*TASK ITEM*
In the records below, find the line containing "Spaghetti Strap Lace", then copy that line and all lines after it, exactly, omitting every picture.

·····

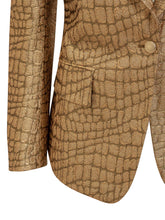 TOM FORD - Blazer Walls in Croco Jacquard - Oro - LIDIASHOPPING® - Official Website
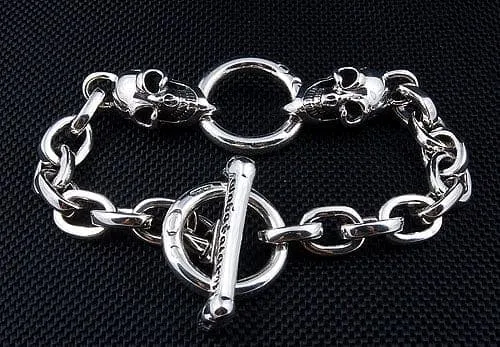 Biker Skull 925 Sterling Silver Chain Men's Bracelet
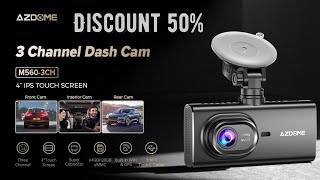 AZDOME M560-3CH Car DVR 3 Channel Dash Cam 4inch Touch Screen 64GB/128GB eMMC Storage Built-in GPS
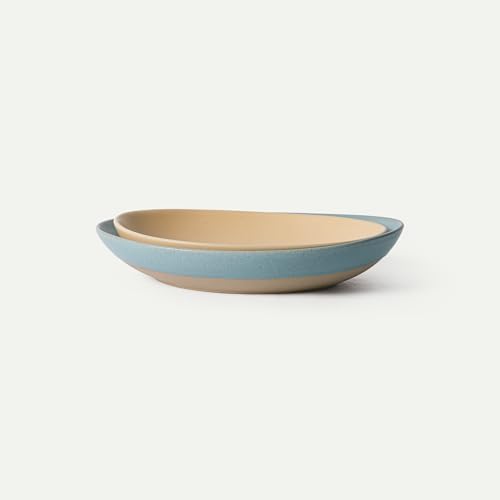 MORA Jumbo and Large Serving Dishes Set of 2, 13 inch and 12 inch Ceramic Pottery Oval Platters - Microwave, Oven and Dishwasher Safe - Iris & Merrigold by MORA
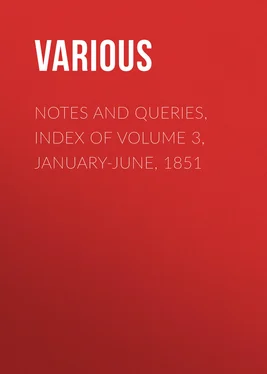Various Notes and Queries, Index of Volume 3, January-June, 1851 обложка книги
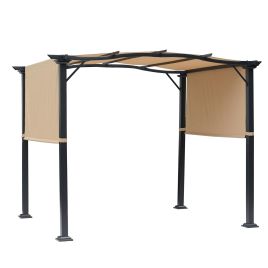 Outdoor Retractable Pergola Garden Gazebo with Two Adjustable Side Canopy Overhead Sun Shade Backyard Canopy Cover, Steel Khaki 3x2.45x2.3m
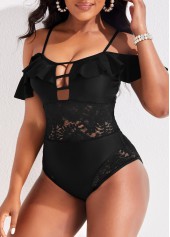 Spaghetti Strap Lace Black One Piece Swimwear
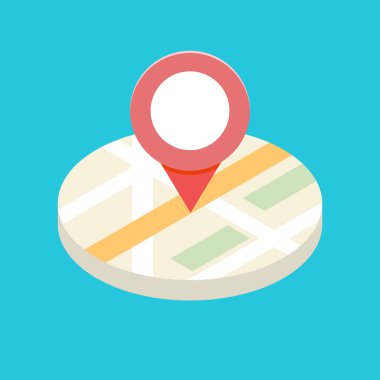   Mobil uygulama için 3D izometrik Gps simge kavram. Vektör illlustration.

·····

*OUTPUT FOR THIS EXERCISE*
 Spaghetti Strap Lace Black One Piece Swimwear
   Mobil uygulama için 3D izometrik Gps simge kavram. Vektör illlustration.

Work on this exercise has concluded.